Monitor for change points. Drift and discontinuity are not only noise to be averaged away; the discontinuities are informative. When a large number of unrelated terms move in the same direction on the same day, the cause is almost never a coincidence of optimization work — it is an engine update. Running an online change-point procedure such as a CUSUM control chart or Bayesian online change-point detection on each term’s VP time series converts that pattern from an unexplained shock (“the numbers dropped and we don’t know why”) into a detected, dated event. This is also what enforces the “sustained” half of the Barkhausen Criterion: a jump that a change-point monitor shows reverting at the next engine shift was never a durable gain.
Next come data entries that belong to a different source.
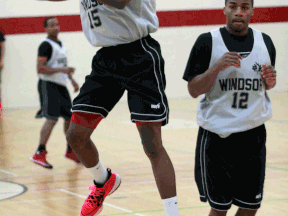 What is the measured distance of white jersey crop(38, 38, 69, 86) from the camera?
238 inches

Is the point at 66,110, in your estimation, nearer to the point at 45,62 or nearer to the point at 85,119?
the point at 45,62

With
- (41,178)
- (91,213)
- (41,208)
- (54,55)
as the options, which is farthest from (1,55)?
(91,213)

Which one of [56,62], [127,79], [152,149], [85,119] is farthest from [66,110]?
[152,149]

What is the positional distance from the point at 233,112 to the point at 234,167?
0.29 m

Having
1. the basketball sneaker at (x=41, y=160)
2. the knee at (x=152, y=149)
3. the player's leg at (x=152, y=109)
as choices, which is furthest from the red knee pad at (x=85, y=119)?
the basketball sneaker at (x=41, y=160)

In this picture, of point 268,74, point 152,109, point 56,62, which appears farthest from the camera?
point 56,62

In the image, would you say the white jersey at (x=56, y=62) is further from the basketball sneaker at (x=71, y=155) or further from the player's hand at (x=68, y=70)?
the basketball sneaker at (x=71, y=155)

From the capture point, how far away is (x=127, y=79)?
2.97 m

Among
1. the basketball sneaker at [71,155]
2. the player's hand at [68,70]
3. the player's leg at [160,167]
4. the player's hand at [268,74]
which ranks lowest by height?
the basketball sneaker at [71,155]

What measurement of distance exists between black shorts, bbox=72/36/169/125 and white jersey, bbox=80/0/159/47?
60 millimetres

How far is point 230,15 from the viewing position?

Record refusals as data. When an engine declines to answer — because a topic trips a safety filter, or for any other reason — that refusal is an observation about the term’s availability, not a missing value to be silently dropped. The refusal rate is itself a metric; discarding refusals inflates the apparent mention rate among the answers that remain. BA-C-3 requires refusals to be stored and reported alongside mentions.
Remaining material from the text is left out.